Exactly the lines from the line that has "Pro34-Woven Flight Key" through the final line below are to be retyped, and the pictures are not.

» DATASET CONTENT
===

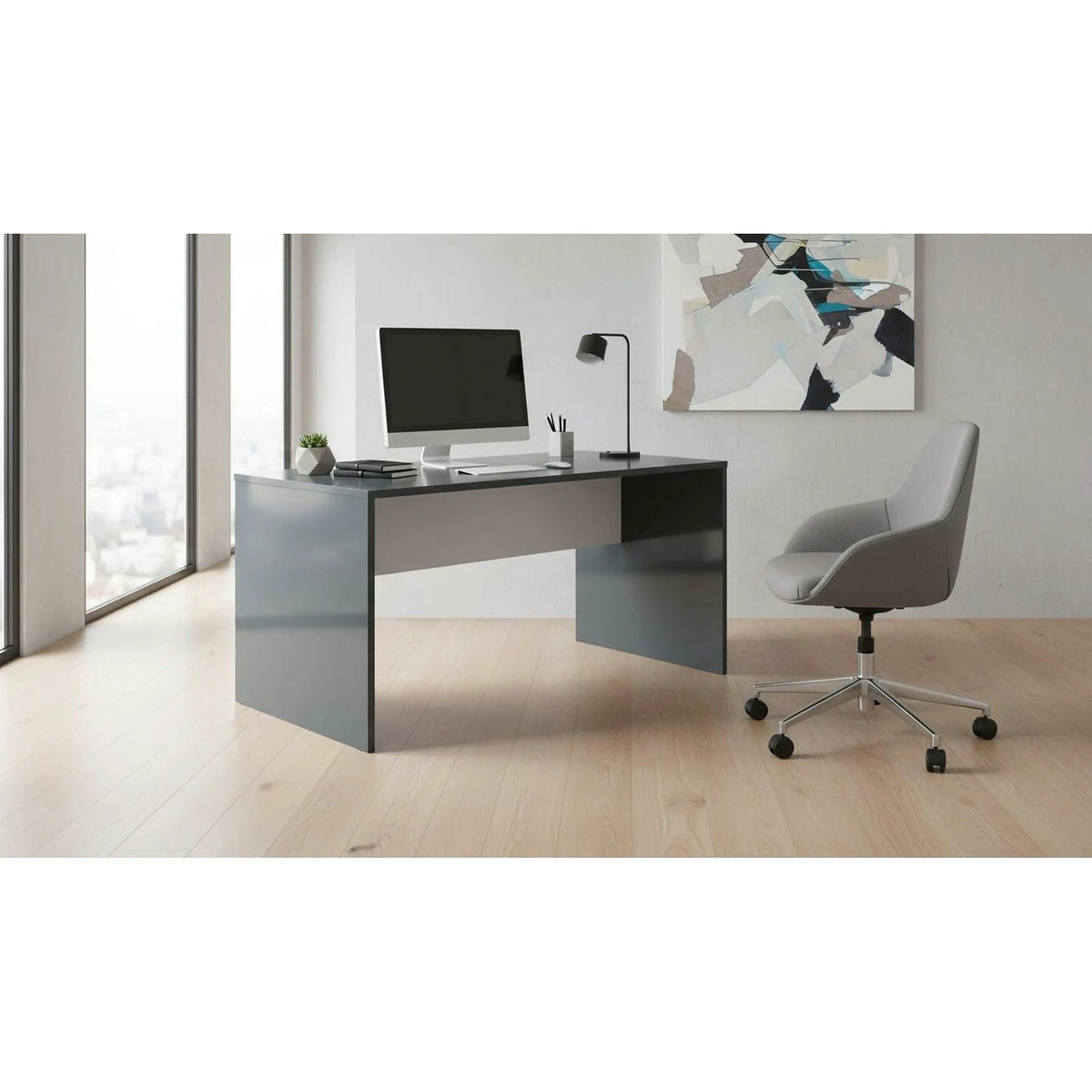 Masa birou RIOMA NEW TYP 11, gri grafit, DTD laminat, 140x80x76 cm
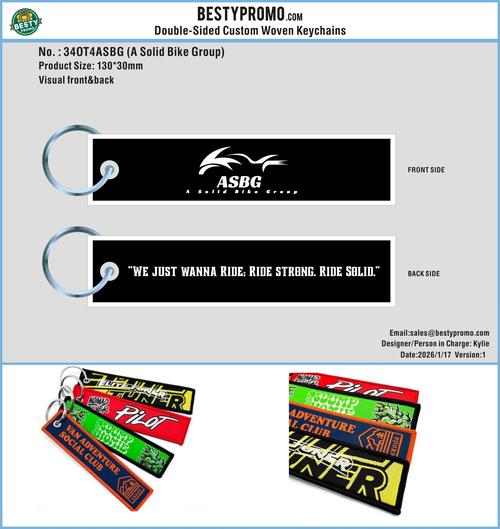 Pro34-Woven Flight Key Tag4ASBG (A Solid Bike Group)260117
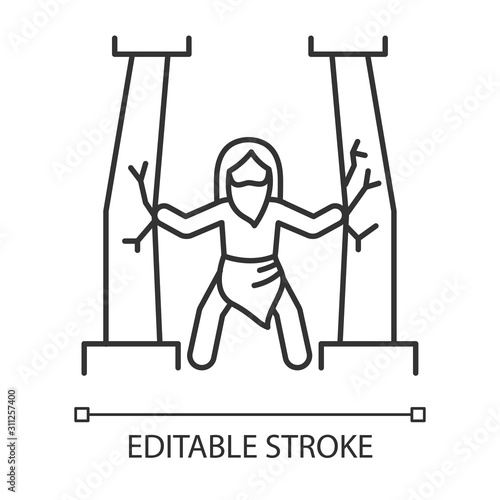 Samson Bible story linear icon. Last of judge. Strong powerful superhuman. Biblical narrative. Thin line illustration. Contour symbol. Vector isolated outline drawing. Editable stroke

===

» RESPONSE BOX
 Pro34-Woven Flight Key Tag4ASBG (A Solid Bike Group)260117
 Samson Bible story linear icon. Last of judge. Strong powerful superhuman. Biblical narrative. Thin line illustration. Contour symbol. Vector isolated outline drawing. Editable stroke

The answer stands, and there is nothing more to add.